- 32°47′19″N 79°55′52″W﻿ / ﻿32.7886°N 79.9311°W
- Type: Public library
- Service area: Charleston County, South Carolina

= Charleston County Public Library =

Public library in South Carolina, United States

The Charleston County Public Library is a public library in Charleston, South Carolina. It began operations in 1931 as the Charleston Free Library.

==History==
The Charleston County Public Library began operations in 1931 as the Charleston Free Library with support from the Carnegie Corporation of New York and the Rosenwald Fund.

Under the terms of its grant from the Rosenwald Fund, the main branch of the library—first located at 121 Rutledge Avenue and later at 94 Rutledge Avenue—was racially integrated. In practice, however, while access to the building itself was open to all races, specific opening hours were observed for each specific race. Segregation began to gradually loosen in the early 1960s and was formally abolished in 1965.

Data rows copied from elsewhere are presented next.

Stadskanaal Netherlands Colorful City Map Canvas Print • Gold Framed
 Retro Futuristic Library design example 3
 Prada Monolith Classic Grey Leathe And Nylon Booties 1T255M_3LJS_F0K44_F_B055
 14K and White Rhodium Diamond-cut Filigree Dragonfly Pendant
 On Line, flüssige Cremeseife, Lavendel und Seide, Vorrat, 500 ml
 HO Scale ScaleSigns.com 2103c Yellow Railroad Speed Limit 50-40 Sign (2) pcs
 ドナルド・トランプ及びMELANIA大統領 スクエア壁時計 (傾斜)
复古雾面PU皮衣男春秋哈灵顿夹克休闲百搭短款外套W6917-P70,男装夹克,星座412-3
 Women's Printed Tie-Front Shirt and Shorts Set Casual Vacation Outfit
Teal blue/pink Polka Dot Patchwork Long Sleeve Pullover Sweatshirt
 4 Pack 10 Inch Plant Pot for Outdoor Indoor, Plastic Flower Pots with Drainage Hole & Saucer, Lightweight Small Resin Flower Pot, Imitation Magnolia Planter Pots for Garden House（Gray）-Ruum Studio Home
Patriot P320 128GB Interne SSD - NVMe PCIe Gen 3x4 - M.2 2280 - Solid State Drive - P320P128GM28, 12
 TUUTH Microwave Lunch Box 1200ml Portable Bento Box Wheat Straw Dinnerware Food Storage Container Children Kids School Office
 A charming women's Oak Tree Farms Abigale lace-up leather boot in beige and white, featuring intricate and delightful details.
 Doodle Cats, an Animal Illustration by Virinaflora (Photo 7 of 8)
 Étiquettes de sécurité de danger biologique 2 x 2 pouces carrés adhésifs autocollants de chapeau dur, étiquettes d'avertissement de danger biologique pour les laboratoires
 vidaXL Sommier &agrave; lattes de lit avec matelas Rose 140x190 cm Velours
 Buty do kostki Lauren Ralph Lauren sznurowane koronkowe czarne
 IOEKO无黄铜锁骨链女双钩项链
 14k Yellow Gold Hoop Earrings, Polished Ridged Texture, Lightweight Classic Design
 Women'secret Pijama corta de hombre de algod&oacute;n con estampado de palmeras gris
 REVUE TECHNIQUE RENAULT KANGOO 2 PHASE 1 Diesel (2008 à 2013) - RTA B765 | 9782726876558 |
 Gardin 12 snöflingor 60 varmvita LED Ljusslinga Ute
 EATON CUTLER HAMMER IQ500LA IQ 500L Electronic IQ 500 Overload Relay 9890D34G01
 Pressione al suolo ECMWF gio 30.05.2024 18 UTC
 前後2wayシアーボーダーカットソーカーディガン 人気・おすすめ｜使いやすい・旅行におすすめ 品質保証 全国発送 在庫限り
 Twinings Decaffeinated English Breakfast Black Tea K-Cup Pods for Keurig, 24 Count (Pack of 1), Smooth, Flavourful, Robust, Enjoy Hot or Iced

The main branch of the library was moved from the Routledge Avenue location to a new facility on Marion Square, adjacent to the state arsenal, in 1960. In 1998 it moved to its fourth, and — as of 2024 — current location at 68 Calhoun Street.

In 2021, the Charleston County Public Library was the only public library in South Carolina given a four star rating by the Library Journal. In 2022, it moved to a five star rating, the Library Journals highest rating.

==Branches and collection==
As of 2021, the Charleston County Public Library operated four branch libraries and seven community libraries.

==Governance==
The library is governed by a board of trustees appointed by the Charleston County Council.